Any picture in the records below stays out; return everything else exactly.

(Beginning of Records supplied)

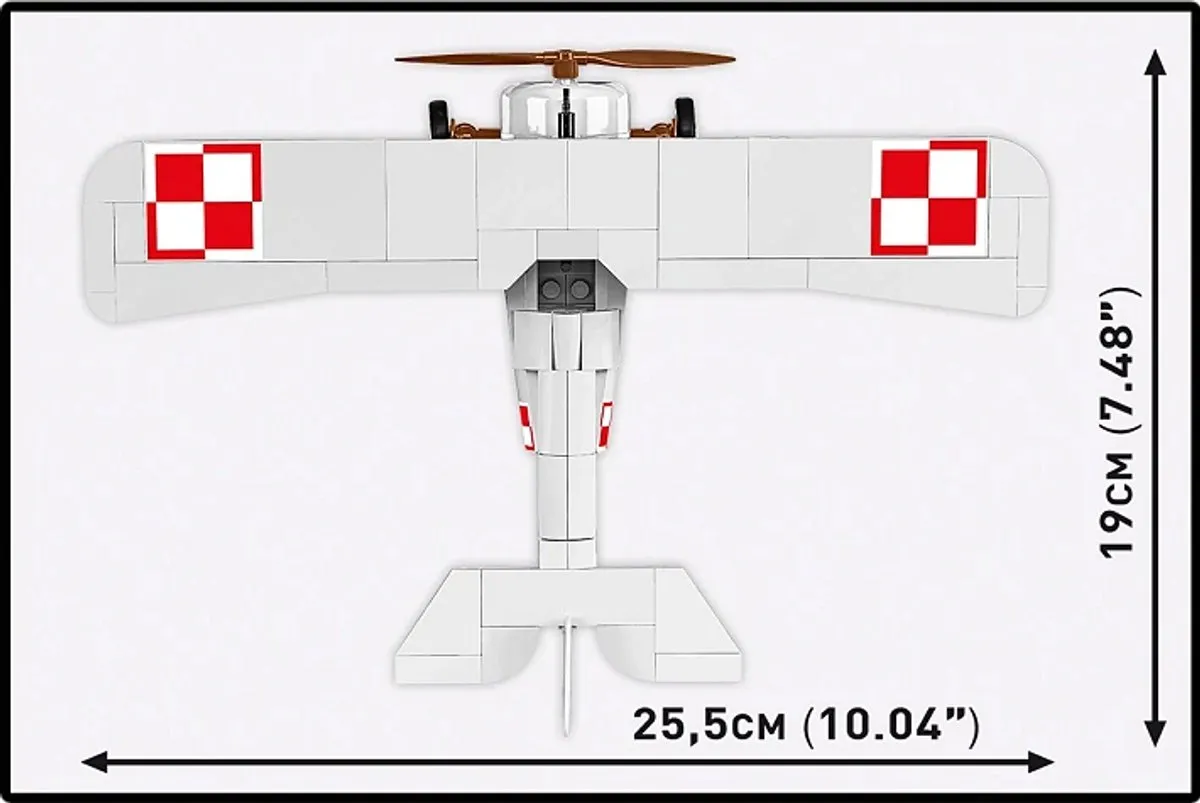 Cobi Nieuport 17 2998 Bouwset - 274 Stukken - afbeelding 6 van 6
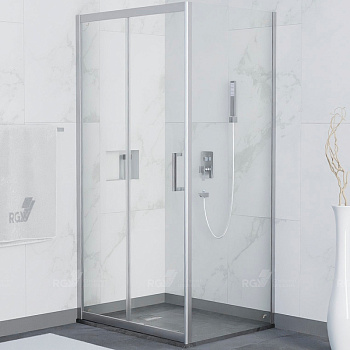 Душевой уголок RGW Stilvoll SV-45 140х70 06324547-011 профиль Хром стекло прозрачное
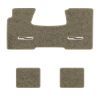 1955-1957 Chevrolet Bel Air floor mats with the Bel Air Crest logo in Essex 1076A Prairie Tan carpet, illustration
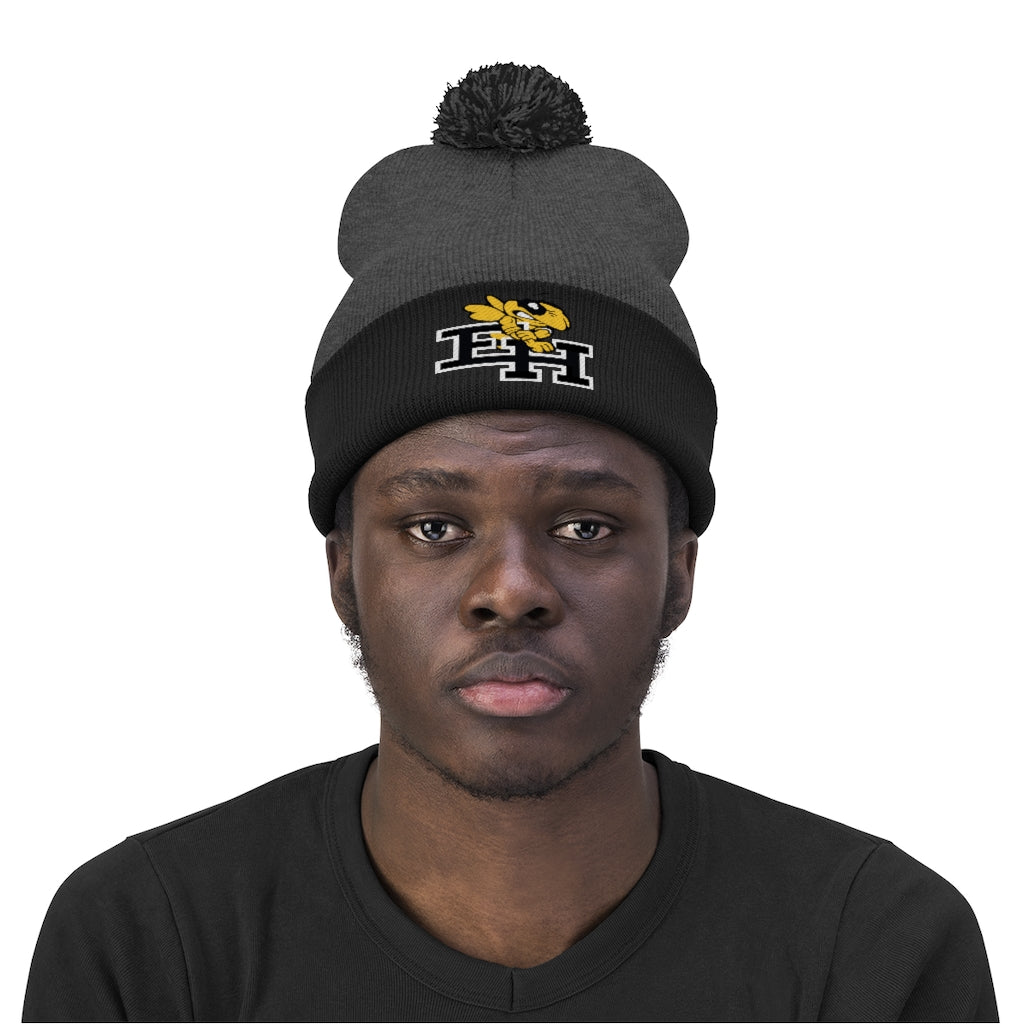 East Hartford Hornets Pom Beanie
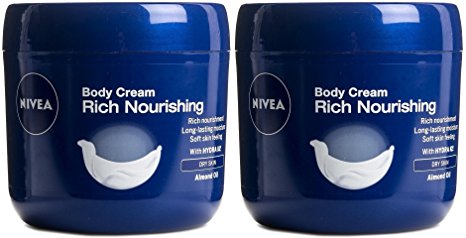 Nivea Rich Nourishing Body Cream, 13.5 Oz / 400 Ml (Pack of 2)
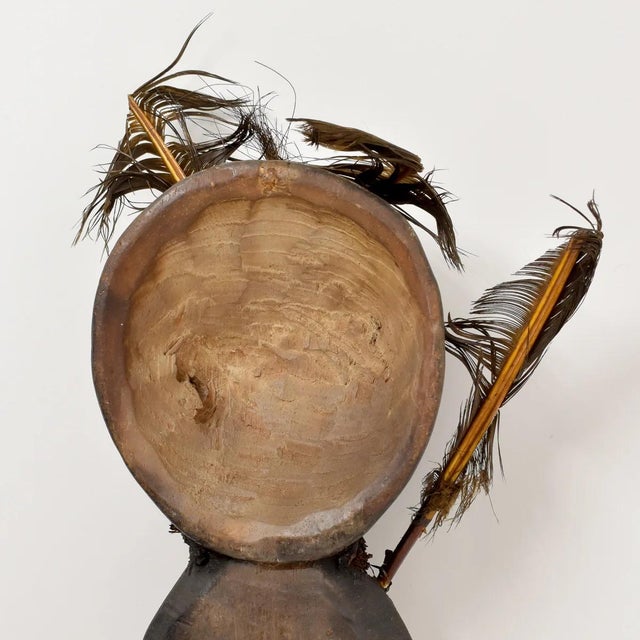 Wood Early 20th Century Lega Divination Staff Figure For Sale - Image 7 of 7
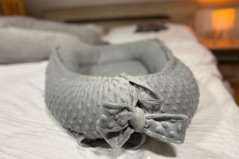 Baby nest, large, grey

(End of Records supplied)

• _Response to this task_
 Cobi Nieuport 17 2998 Bouwset - 274 Stukken - afbeelding 6 van 6
 Душевой уголок RGW Stilvoll SV-45 140х70 06324547-011 профиль Хром стекло прозрачное
 1955-1957 Chevrolet Bel Air floor mats with the Bel Air Crest logo in Essex 1076A Prairie Tan carpet, illustration
 East Hartford Hornets Pom Beanie
 Nivea Rich Nourishing Body Cream, 13.5 Oz / 400 Ml (Pack of 2)
 Wood Early 20th Century Lega Divination Staff Figure For Sale - Image 7 of 7
 Baby nest, large, grey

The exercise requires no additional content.